• [Input data]
=====
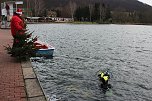 Weihnachtstauchen am Bebraer Teich (Foto: Karl-Heinz Herrmann)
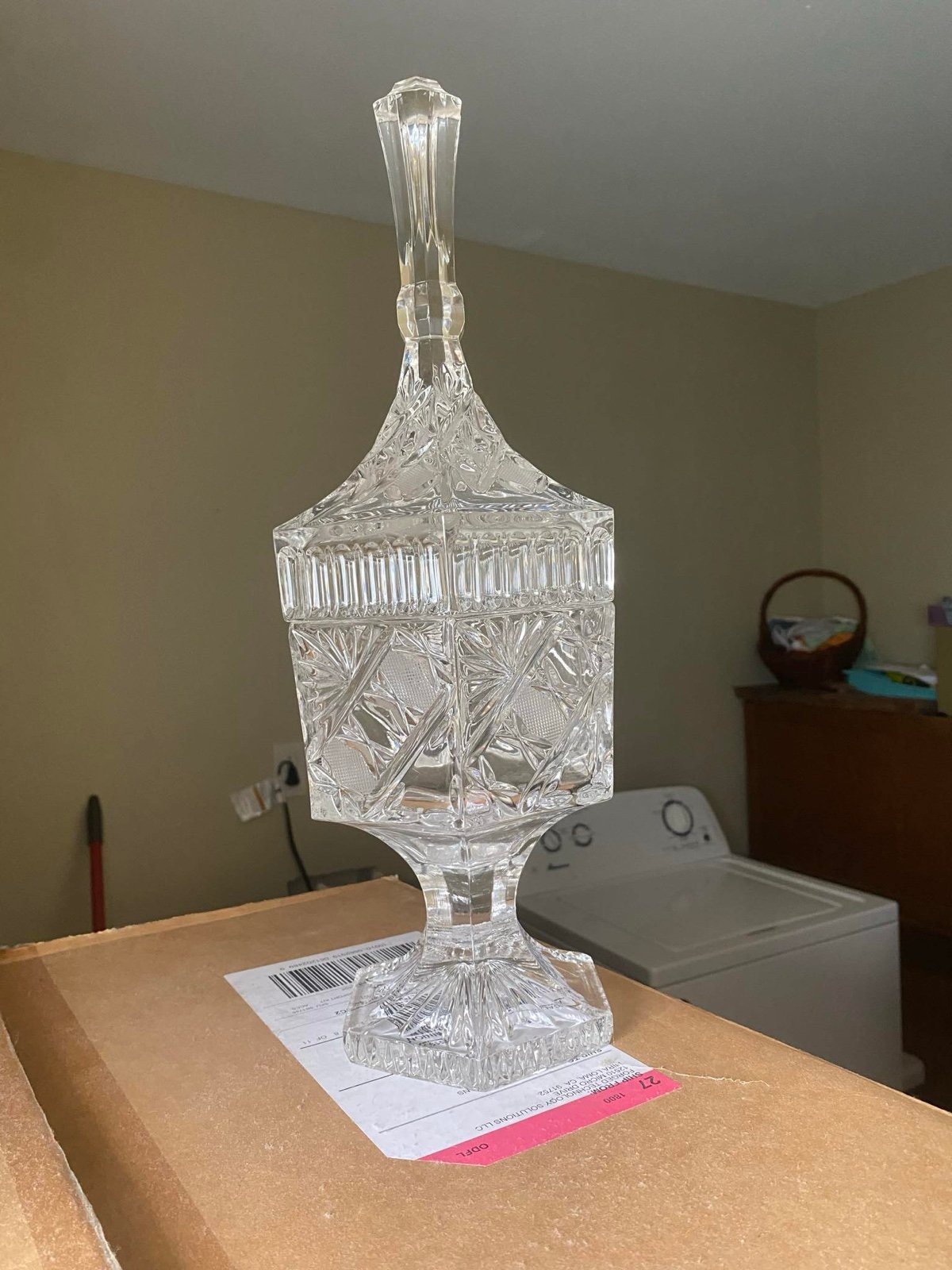 Vintage candy dish crystal with top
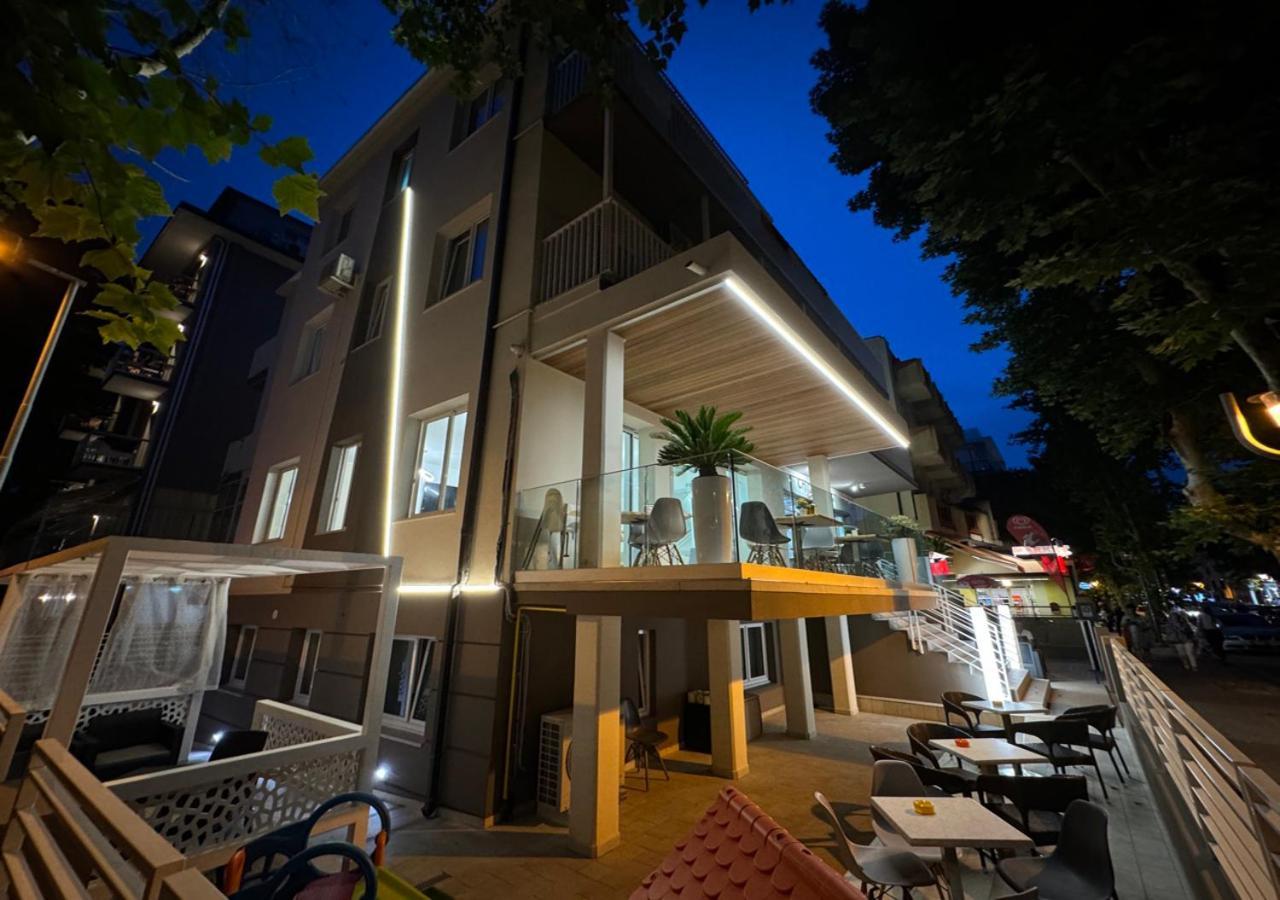 Chiama Hotel Rimini Exteriör bild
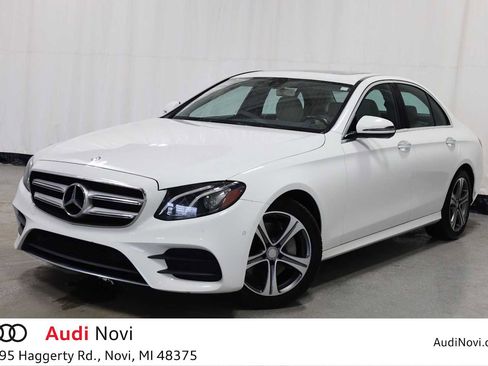 Used 2017 Mercedes-Benz E 300 4MATIC image 1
=====
Repeat the listing in full and to the letter, excluding every image.

 Weihnachtstauchen am Bebraer Teich (Foto: Karl-Heinz Herrmann)
 Vintage candy dish crystal with top
 Chiama Hotel Rimini Exteriör bild
 Used 2017 Mercedes-Benz E 300 4MATIC image 1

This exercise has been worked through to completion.